▶ **WORK ITEM**
Where an image appears, leave it out; otherwise repeat the data exactly.

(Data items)
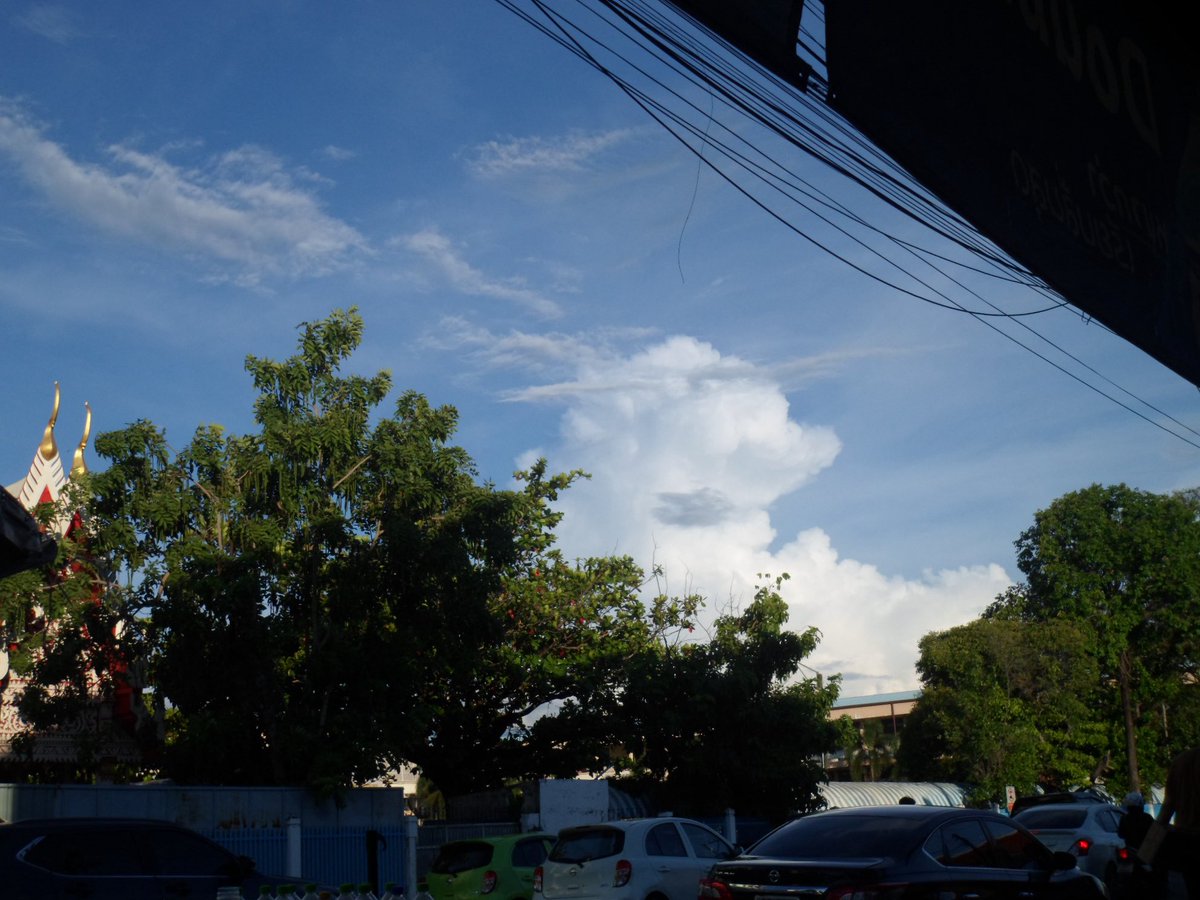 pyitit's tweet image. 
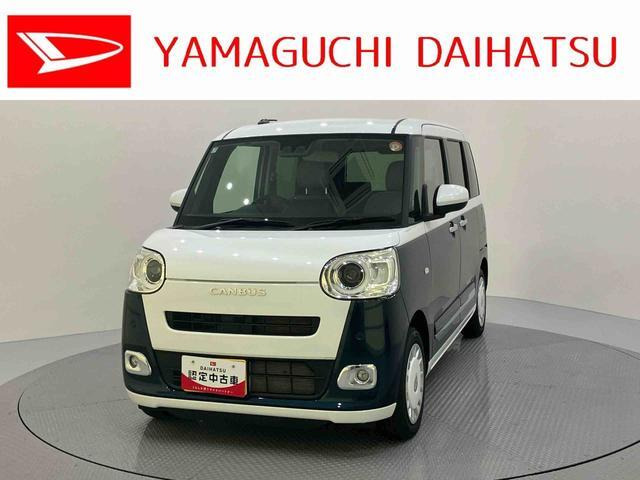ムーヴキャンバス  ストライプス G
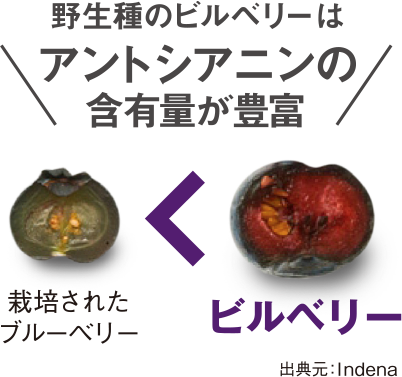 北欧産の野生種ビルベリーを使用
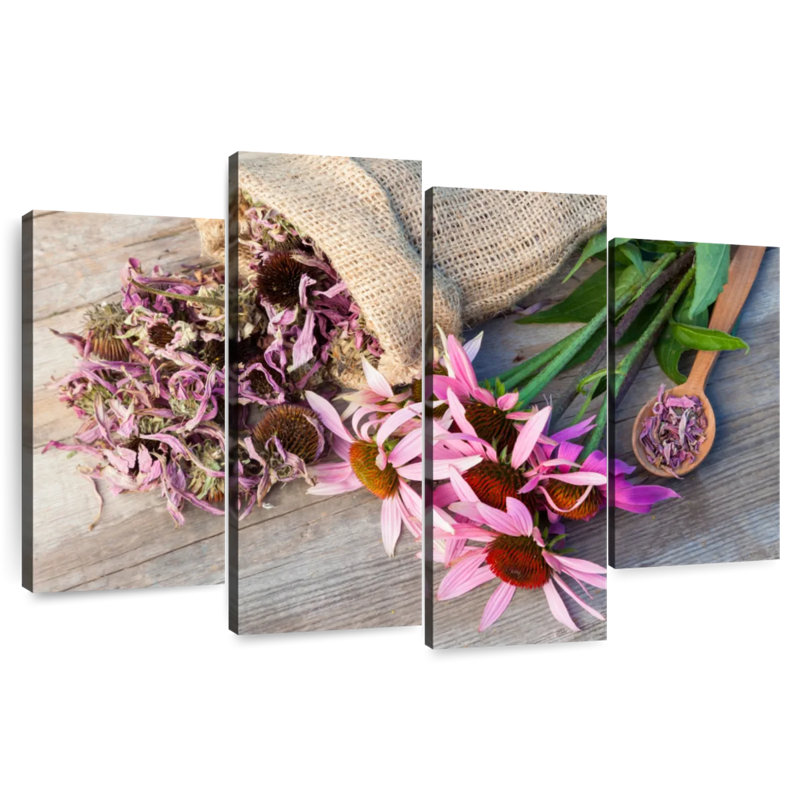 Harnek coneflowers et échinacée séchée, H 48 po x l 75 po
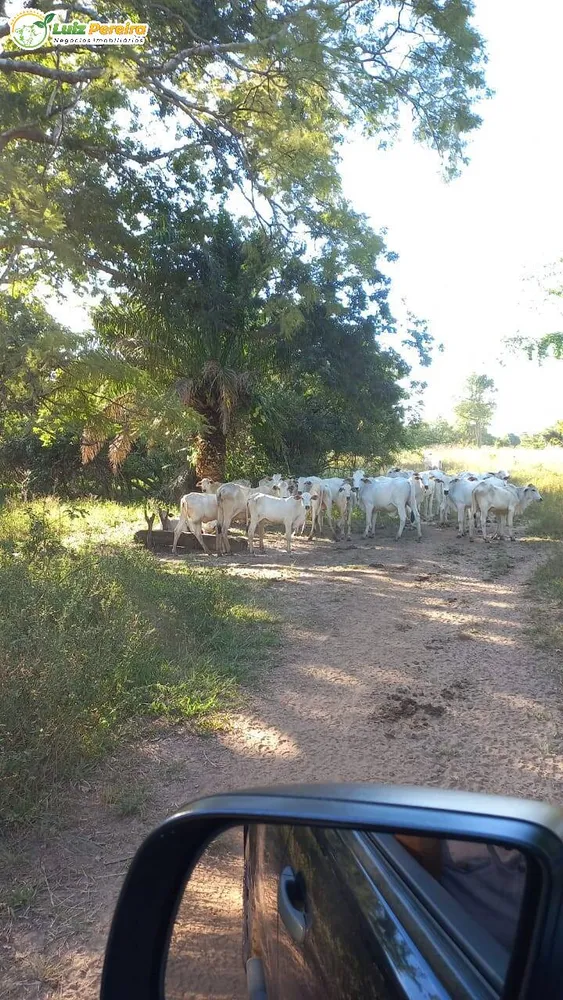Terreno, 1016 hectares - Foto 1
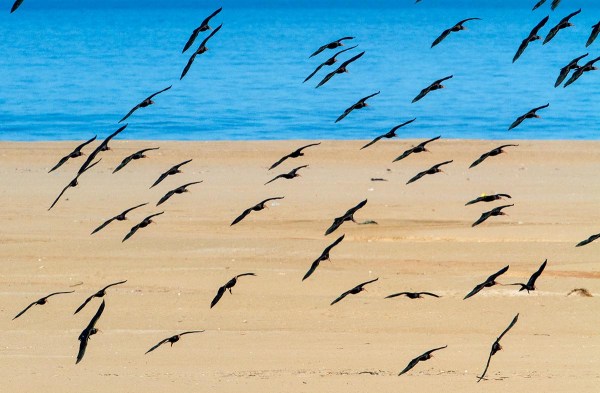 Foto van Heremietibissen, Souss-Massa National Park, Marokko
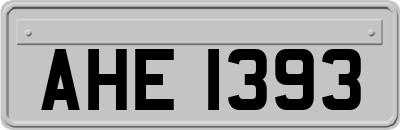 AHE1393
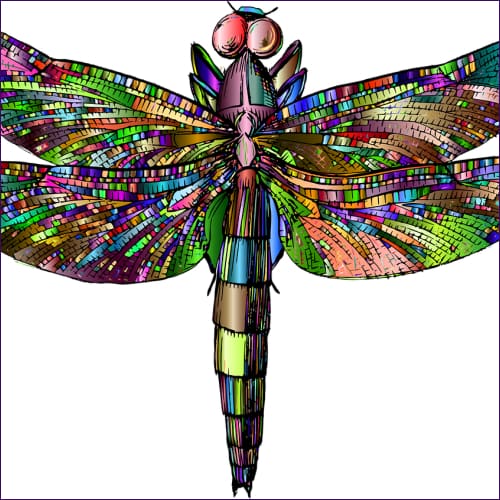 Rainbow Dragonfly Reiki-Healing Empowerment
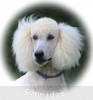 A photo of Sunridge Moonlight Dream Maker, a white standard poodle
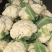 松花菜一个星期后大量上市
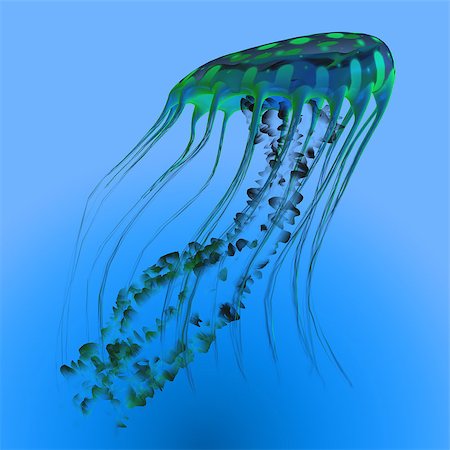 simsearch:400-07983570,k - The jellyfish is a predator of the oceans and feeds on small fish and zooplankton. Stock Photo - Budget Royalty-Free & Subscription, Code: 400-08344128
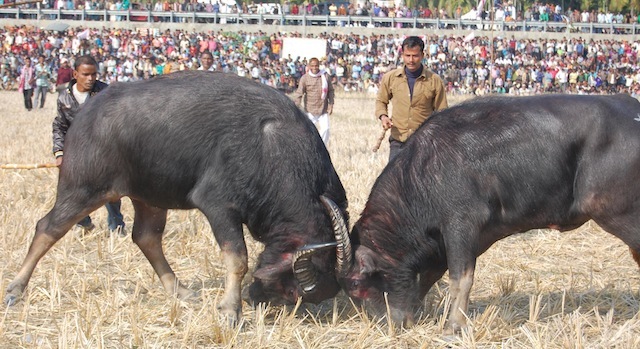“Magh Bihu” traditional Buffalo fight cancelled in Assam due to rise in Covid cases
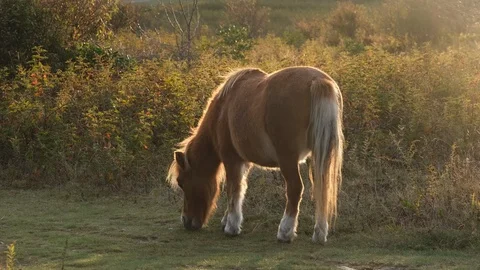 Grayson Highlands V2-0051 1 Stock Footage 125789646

▶ **RESULT FOR THIS TASK**
 pyitit's tweet image. 
ムーヴキャンバス  ストライプス G
 北欧産の野生種ビルベリーを使用
 Harnek coneflowers et échinacée séchée, H 48 po x l 75 po
Terreno, 1016 hectares - Foto 1
 Foto van Heremietibissen, Souss-Massa National Park, Marokko
 AHE1393
 Rainbow Dragonfly Reiki-Healing Empowerment
 A photo of Sunridge Moonlight Dream Maker, a white standard poodle
 松花菜一个星期后大量上市
 simsearch:400-07983570,k - The jellyfish is a predator of the oceans and feeds on small fish and zooplankton. Stock Photo - Budget Royalty-Free & Subscription, Code: 400-08344128
“Magh Bihu” traditional Buffalo fight cancelled in Assam due to rise in Covid cases
 Grayson Highlands V2-0051 1 Stock Footage 125789646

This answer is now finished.